Through the years I followed what I could find to learn more about this profoundly fascinating study of teaching a gorilla American Sign Language.  During those years there were two National Geographic covers featuring Koko. I know you remember the one of her holding a camera in front of her face and making a photo of herself in the mirror (1978). She got cover credit as photographer.  Being a photographer I was jealous.  :)   Her second National Geographic cover (1985) featured her and All-Ball, a gray tail-less kitten that she loved and mourned when it was hit by a car on a mountain road. (Koko’s empathetic relationship with All-Ball changed the existing fearful paradigm about gorillas forever).   If you have one or both of those covers, the Foundation would be pleased to liberate it/them from your home.  But I digress.

The study continues to this day and has proven to be even more astonishing than anyone would have imagined. Except me and others like me... I'm not astonished, I'm thrilled! Recently I had the supremely good fortune to speak with Gary Stanley, Director of Educational Technology at The Gorilla Foundation / Koko.org (Koko’s home). It was like following the thin trail of Alex for so many years and one day meeting his scientist mom, Irene Pepperberg and eventually becoming good friends and traveling companions.

Here I was speaking to someone intimately involved with the care and welfare of Koko.  Washoe, a chimpanzee was the other most important primate to learn sign language, but sadly she ended up in the care of William Lemmon, who was harshly abusive to animals under his care, disciplining them with cattle prods and shooting them with pellet guns (after which he would dig the pellets out with a knife).  The most important work being done in inter-species communication... and I was now talking to someone involved with (and working for) Koko.   Very cool.

In our talk, Gary spoke about the wish list for the gorillas http://www.koko.org/wishlist and the remarkable program called KokoZEST, that he has developed for use by primate caregivers to enrich the lives entrusted to their care.  The following is brief excerpt from the article about ZEST (Zoo Enrichment Signing Technology): http://www.koko.org/news/news_080828_Wel_KokoZEST.html  I encourage you to read the entire article.

“Gorillas and other great apes in captive environments deserve our most sensitive care — both because they exhibit a high level of emotional and intellectual awareness, and because they face an increasing threat of extinction in the wild.
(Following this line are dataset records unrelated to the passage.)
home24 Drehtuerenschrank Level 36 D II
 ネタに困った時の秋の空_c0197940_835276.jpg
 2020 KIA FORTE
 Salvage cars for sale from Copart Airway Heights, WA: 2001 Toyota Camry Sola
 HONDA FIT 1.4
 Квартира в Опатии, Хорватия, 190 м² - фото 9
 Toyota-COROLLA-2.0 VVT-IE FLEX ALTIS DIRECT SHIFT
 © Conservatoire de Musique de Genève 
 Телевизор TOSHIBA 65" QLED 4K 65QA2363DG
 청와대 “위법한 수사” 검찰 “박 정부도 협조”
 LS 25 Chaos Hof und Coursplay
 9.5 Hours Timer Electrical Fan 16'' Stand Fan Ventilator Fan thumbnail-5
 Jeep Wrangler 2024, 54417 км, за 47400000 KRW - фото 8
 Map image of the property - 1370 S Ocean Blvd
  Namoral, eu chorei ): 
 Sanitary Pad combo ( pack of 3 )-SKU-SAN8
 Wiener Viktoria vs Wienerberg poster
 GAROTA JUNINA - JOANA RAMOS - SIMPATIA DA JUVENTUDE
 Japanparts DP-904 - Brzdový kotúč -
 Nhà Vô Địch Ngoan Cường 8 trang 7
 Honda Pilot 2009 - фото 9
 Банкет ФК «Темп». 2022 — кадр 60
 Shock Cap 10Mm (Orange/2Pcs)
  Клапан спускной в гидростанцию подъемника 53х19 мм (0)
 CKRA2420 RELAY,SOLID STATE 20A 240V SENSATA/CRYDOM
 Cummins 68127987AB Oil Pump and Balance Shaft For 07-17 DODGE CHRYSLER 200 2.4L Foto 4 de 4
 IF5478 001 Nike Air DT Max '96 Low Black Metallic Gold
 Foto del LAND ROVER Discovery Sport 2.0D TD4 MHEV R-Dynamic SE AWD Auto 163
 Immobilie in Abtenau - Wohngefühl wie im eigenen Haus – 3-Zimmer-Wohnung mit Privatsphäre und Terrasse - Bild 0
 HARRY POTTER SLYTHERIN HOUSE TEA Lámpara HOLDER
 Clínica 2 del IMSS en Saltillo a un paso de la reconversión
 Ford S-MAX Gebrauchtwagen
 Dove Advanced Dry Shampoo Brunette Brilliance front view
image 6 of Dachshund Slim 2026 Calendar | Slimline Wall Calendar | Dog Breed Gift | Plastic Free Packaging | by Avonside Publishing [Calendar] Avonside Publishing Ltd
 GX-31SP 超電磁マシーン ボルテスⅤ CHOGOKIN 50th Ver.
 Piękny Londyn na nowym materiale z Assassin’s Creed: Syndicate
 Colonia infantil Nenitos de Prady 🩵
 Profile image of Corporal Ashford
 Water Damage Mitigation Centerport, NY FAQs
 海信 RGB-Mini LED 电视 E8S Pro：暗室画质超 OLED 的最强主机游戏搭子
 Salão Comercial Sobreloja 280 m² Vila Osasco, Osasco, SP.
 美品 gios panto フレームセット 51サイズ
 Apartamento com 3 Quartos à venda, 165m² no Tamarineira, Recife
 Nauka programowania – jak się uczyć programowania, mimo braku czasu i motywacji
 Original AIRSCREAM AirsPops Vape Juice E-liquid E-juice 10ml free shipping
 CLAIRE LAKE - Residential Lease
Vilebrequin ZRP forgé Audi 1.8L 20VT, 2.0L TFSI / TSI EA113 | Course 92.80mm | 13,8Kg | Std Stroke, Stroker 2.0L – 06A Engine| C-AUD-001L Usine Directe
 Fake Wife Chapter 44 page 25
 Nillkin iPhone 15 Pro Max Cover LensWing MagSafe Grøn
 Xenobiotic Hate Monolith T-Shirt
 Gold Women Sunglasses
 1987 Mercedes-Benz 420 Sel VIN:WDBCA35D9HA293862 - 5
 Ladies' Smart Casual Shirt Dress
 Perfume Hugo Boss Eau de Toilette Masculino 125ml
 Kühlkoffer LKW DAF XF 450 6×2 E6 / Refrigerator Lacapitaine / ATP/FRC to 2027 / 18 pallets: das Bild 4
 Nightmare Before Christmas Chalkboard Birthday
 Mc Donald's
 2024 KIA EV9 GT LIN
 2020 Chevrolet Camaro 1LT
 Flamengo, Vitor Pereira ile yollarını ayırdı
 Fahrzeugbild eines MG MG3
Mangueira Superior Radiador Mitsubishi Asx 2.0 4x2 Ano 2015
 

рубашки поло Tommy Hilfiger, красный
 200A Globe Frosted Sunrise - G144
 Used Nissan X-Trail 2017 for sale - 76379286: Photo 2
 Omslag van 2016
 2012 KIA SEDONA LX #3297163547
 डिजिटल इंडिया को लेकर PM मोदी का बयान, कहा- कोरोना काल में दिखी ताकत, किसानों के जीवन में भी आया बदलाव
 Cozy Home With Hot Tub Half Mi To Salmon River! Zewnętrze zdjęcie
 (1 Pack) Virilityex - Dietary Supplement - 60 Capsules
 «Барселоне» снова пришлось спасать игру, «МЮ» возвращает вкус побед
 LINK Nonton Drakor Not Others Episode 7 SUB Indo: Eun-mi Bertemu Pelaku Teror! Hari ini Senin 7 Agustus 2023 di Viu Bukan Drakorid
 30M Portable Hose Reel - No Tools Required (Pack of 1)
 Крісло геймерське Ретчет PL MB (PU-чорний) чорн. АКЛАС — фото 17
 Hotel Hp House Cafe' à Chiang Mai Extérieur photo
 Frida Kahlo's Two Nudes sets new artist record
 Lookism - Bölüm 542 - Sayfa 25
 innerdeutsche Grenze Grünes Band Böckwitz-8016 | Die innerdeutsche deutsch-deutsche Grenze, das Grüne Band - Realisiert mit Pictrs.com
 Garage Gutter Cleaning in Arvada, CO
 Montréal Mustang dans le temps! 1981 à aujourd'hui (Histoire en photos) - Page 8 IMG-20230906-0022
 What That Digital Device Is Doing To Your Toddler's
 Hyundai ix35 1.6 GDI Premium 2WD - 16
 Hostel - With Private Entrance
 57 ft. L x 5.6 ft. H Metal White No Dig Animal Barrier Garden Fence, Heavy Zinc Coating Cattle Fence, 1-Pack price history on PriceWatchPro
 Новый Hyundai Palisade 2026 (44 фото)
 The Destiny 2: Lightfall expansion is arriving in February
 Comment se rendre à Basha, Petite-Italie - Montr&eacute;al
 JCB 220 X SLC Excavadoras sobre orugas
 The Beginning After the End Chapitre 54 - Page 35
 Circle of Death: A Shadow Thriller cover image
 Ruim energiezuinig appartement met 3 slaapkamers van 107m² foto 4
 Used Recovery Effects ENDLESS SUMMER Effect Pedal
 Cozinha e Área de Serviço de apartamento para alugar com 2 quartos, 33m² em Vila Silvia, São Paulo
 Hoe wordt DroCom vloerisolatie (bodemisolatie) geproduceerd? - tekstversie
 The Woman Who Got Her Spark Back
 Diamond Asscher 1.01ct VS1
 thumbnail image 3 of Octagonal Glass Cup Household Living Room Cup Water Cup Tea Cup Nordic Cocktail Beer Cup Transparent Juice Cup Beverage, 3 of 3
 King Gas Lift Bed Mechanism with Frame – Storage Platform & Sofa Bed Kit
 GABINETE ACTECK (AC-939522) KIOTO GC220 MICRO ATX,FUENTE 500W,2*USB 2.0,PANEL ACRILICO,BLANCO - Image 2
Zoological institutions recognize this, and hold themselves to elevated standards of care and management for great apes. They have developed sophisticated behavioral enrichment techniques to mitigate stress and provide physically and mentally stimulating environments, and employ training techniques such as operant conditioning to ameliorate potentially difficult medical matters and to introduce preventative health and wellness routines.
Ground-breaking developments in great ape behavioral enrichment and training are thus of the utmost interest to great ape management teams, because they can lead to enhanced health, greater contentment and increased reproduction of endangered gorillas, chimpanzees, bonobos and orangutans.”
Another excerpt:
“During the past 35 years, working with gorillas Koko, Michael and Ndume, we have found that the two-way communication afforded by teaching even "basic" signs to gorillas significantly improves the ability to care for them. And others who have taught sign language to chimpanzees, bonobos and orangutans, have had similar experiences (see, eg, Fouts, Savage-Rumbaugh and Miles).
The most notable benefit of ZEST in a zoological setting is the aid to medical evaluation and care. By developing a pathway to convey simple yet important bits of information regarding health and welfare issues (diet, illness, pain, etc.), zoo keepers and medical personnel can work more effectively toward the highest level of care for great apes in captivity.”
“The Gorilla Foundation is constructing a unique and critically important gorilla preserve in Maui. The Maui Ape Preserve will provide a natural environment for Koko and other gorillas, and is a vital step toward saving the species from imminent extinction.”      
Construction is in progress — http://koko.org/preserve/ 
This gives us but a peek at what is happening at the Gorilla Foundation; not only the continued mutual growth and education between caregivers, Koko and Ndume, but the promise of a preserve, the hope for conservation of gorillas in the wild (so humans will stop eating them), but also the opportunity for primate caregivers to learn and use the ZEST too so that all primates may thrive in captivity.  Imagine how they suffer, unable to communicate the most basic need.
There is so much more to share about Koko — including her quest to have and teach a family of her own — and I will...
Maybe there is a glimmer of hope for humans to stop abusing and 'be still my beating heart', start honoring animals...
We will see...

Saturday, April 23, 2011

The 2011 Animal Behavior Management Alliance Conference

Last weekend I attended the ABMA conference in Denver, Co, hosted by the Denver Zoo who is a customer of StarBird. StarBird is my company that makes enrichment products for parrots and now zoo animals as well. The Denver Zoo is one of our clients. 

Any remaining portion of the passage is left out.